-- ASSIGNMENT --
Take the material below and extract the lines from the one with "Greek Salad ·" through the one with "Scenic view of sea seen through arch", word for word, without pictures.

-- SOURCE DATA --
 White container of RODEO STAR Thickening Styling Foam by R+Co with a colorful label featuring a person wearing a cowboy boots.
...
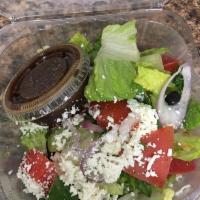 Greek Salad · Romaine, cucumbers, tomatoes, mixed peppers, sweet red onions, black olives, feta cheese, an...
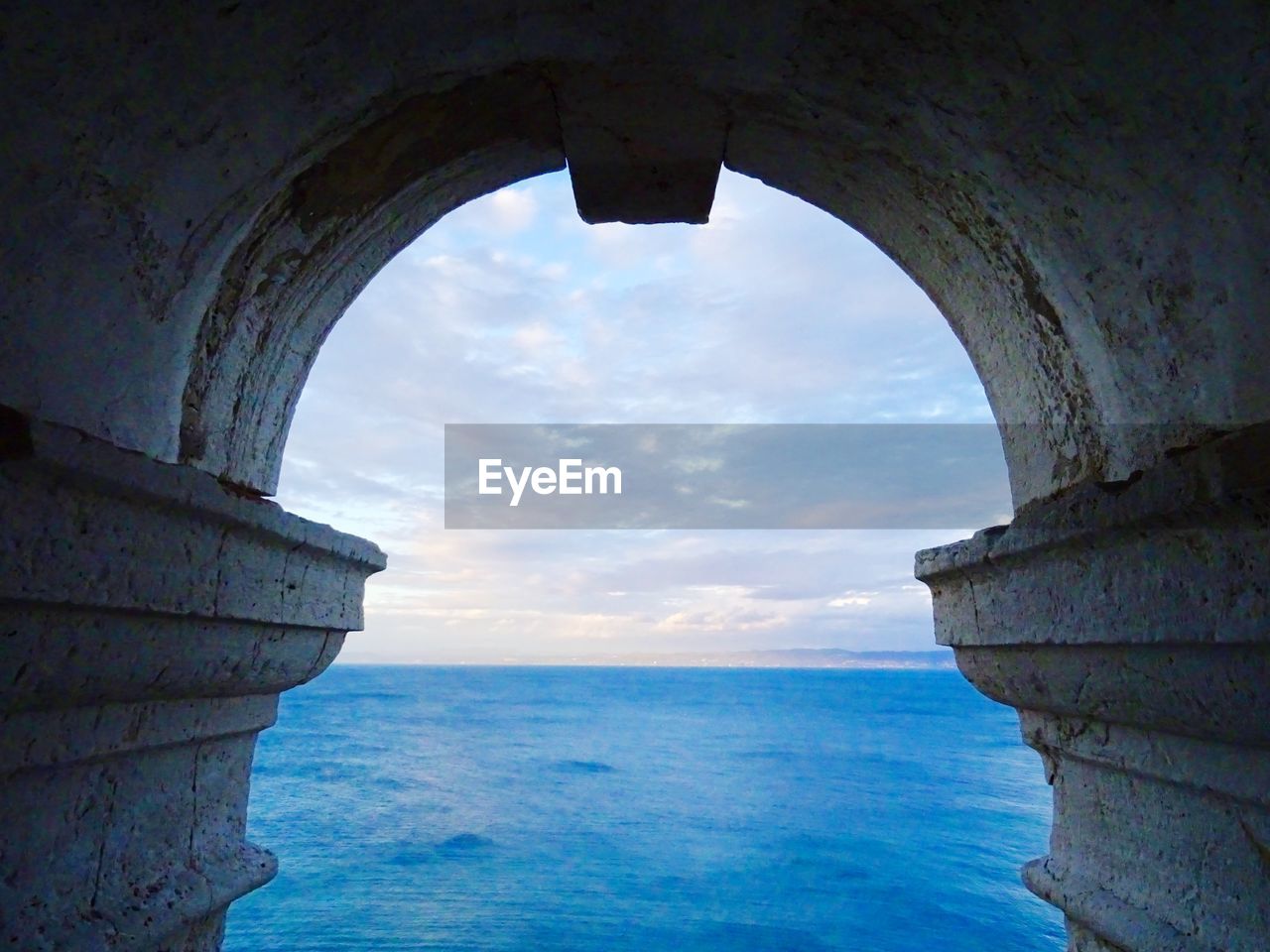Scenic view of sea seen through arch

-- TASK SOLUTION --
 Greek Salad · Romaine, cucumbers, tomatoes, mixed peppers, sweet red onions, black olives, feta cheese, an...
Scenic view of sea seen through arch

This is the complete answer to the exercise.